Die Mittagspause verbrachten wir in dem Lokal „Alte Schmiede“, das extra für uns geöffnet hatte. Einige Teilnehmer verabschiedeten sich nach dem Mittagessen, während andere dazustießen. Nächste Station, nun für kurze Zeit unter Regenschirmen, war der Erbsenbrunnen, dessen von Fritz von Grävenitz 1929 aus Travertin gestaltete Brunnenfigur kurz zuvor durch Vandalismus demoliert worden war. Im Anschluss ging die Gruppe in eine Sonderausstellung über 150 Jahre Evangelischer Verein Bad Cannstatt, die Olaf Schulze mitkuratiert hatte und im Erdgeschoss der ehemaligen Stadtmühle (heute Betreutes Wohnen mit dem Evangelischen Verein als sozialen Träger) zu besichtigen war. Hier tauchte kurz im originalen Gehrock von 1890 „Vikar Härle“, der Gründer des Evangelischen Vereins von Cannstatt, auf, um sein rekonstruiertes Zimmer zu erklären, aber auch eine Kostprobe auf dem Harmonium von 1907 aus Obertürkheimer Produktion zu geben. Der Weg führte die Gruppe dann u.a. an der ehemaligen Cannstatter Realschule und am Cannstatter Gymnasium vorbei schließlich zum „Buddenbrook-Haus“ an den Unteren Kursaalanlagen, wo eine Tante von Thomas und Heinrich Mann Jahre ihrer zweiten, unglücklichen Ehe verbracht hatte. Zuvor hatten wir an der Daimlerstraße kurz vor der ehemaligen Praxis von Vater und Sohn Dr. Johann und Dr. Hans Kurtz Halt gemacht, einer Arztfamilie, die aus Bessarabien stammte. Nächster Halt, ebenfalls im Unteren Kurpark, war das Denkmal für die Charta der Heimatvertriebenen aus dem Jahr 1986, geschaffen von der als junge Frau aus Pommern vertriebenen Bildhauerin Ingrid Seddig (1926-2008). Obwohl kein Vertreter der bessarabiendeutschen Landsmannschaft bei der Unterzeichnung der Charta am 5. August 1950 im Großen Kursaal dabei gewesen war, ist der Name unserer Volksgruppe auf dem Bronzesockel des Denkmals, der den kompletten Text der Charta enthält, verzeichnet. Die Künstlerin gestaltete eine Gruppe von Frauen, die – teilweise mit ihren kleinen Kindern auf dem Rücken – gegen den kalten Wind bei der Flucht im Januar 1945 anliefen.

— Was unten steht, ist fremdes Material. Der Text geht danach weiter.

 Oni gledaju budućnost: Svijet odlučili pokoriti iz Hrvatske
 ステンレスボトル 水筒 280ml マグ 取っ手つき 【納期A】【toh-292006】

Gemütlicher Ausklang des Tages im Lokal des Mineralbads Bad Cannstatt

Gemütlicher Ausklang des Tages im Lokal des Mineralbads Bad Cannstatt

Der „Lautenschlägerbrunnen“ aus dem Jahr 1934 und der 1933 umgestaltete Brunnenhof hinter dem Großen Kursaal mit seiner Wilhelms- (eher eisenhaltig) und Daimlerquelle (eher schwefelhaltig) bildeten mit den in Cannstatt obligatorischen Sauerwasserproben einen weiteren Punkt auf dem Tagesprogramm. Nach einer kurzen Besichtigung der Gottlieb-Daimler-Gedächtnisstätte nahe des Kleinen Kursaals wurden die Teilnehmer von Matthias Busch noch mit frisch geschnittenen “Harbusenstücken“ und einem Speierlingsmost überrascht, bevor es zum Ausklang in das Lokal im Mineralbad Bad Cannstatt (1994 erbaut) ging. In gelöster Runde gab es dort noch gute Gespräche bei Kaffee, Tee, Kuchen, Eis und Eiskaffee, bevor die Teilnehmerinnen und Teilnehmer des „Tag des Dankes“ sich gegen 18 Uhr auf den teilweise langen Heimweg begaben. Alles in allem wieder ein gelungener Tag voller Eindrücke und guter Begegnungen und Gespräche untereinander.